Provided data Start Marker
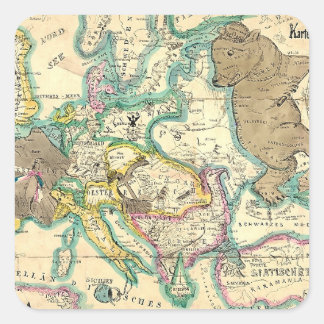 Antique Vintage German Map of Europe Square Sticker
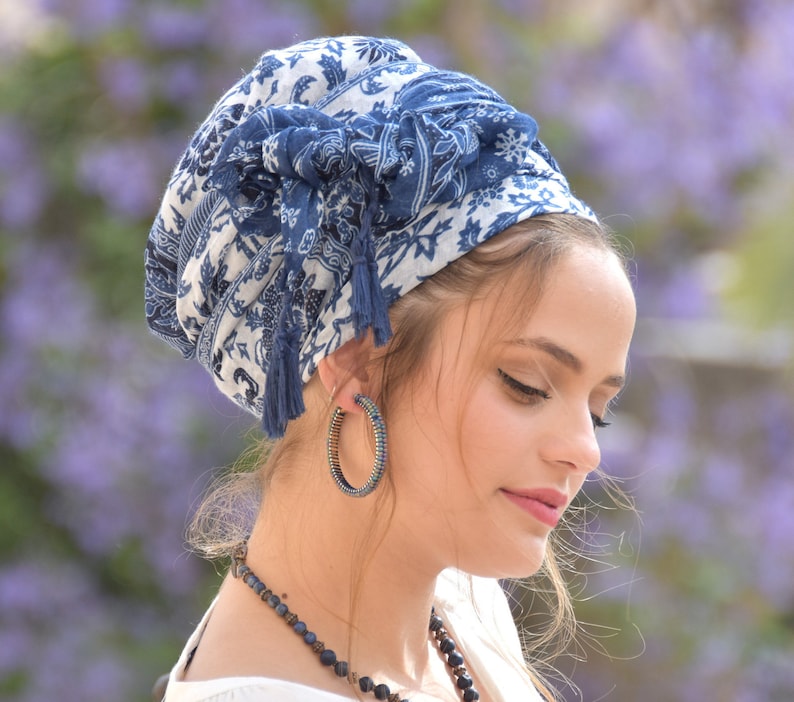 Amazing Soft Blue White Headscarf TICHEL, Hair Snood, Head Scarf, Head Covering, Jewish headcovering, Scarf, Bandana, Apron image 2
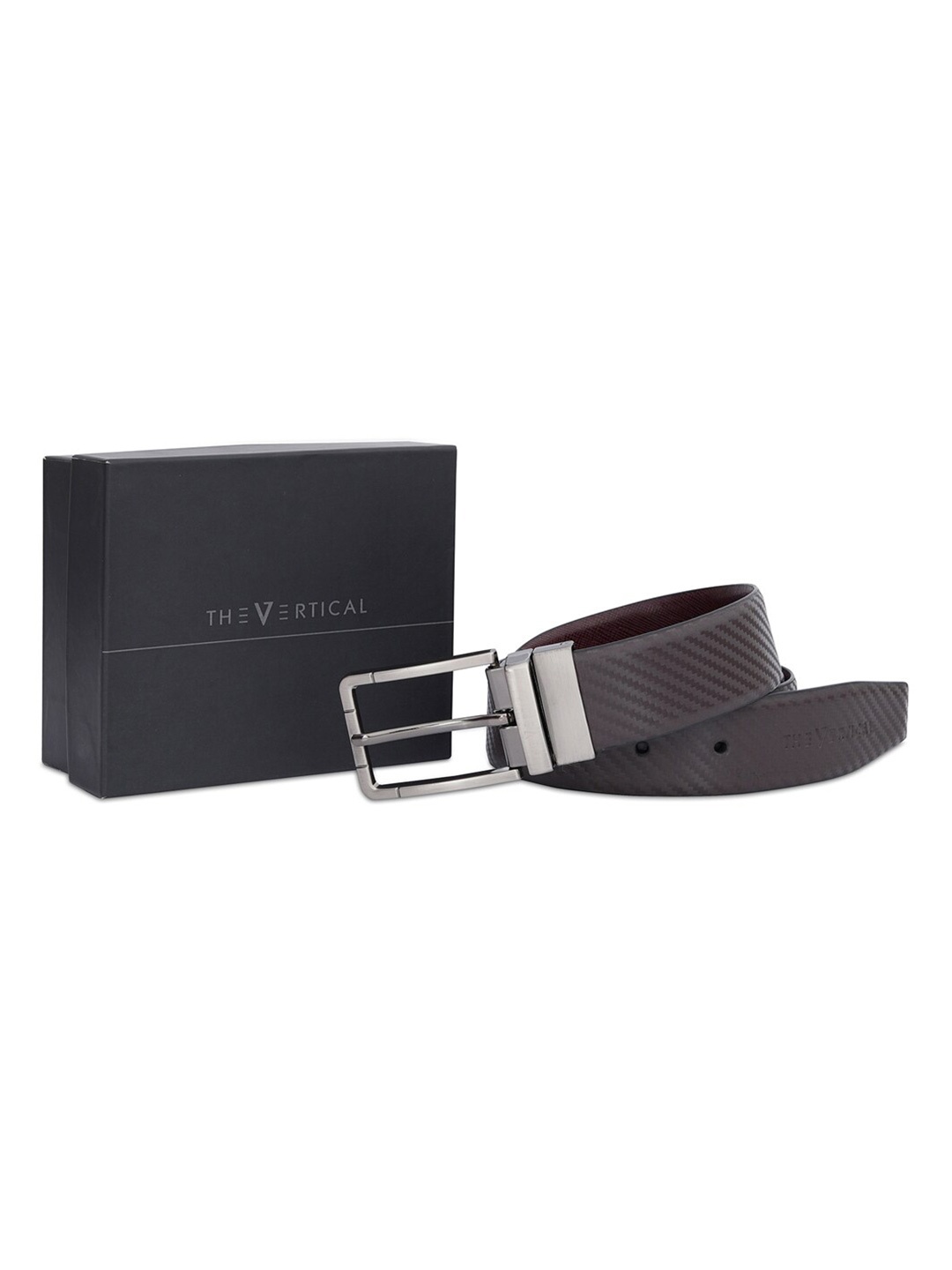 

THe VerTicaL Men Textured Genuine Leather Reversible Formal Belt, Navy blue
Provided data End Marker
* _Assigned task_: What is needed is an exact copy of the data, without any pictures.

* _Result for this task_:
 Antique Vintage German Map of Europe Square Sticker
 Amazing Soft Blue White Headscarf TICHEL, Hair Snood, Head Scarf, Head Covering, Jewish headcovering, Scarf, Bandana, Apron image 2

THe VerTicaL Men Textured Genuine Leather Reversible Formal Belt, Navy blue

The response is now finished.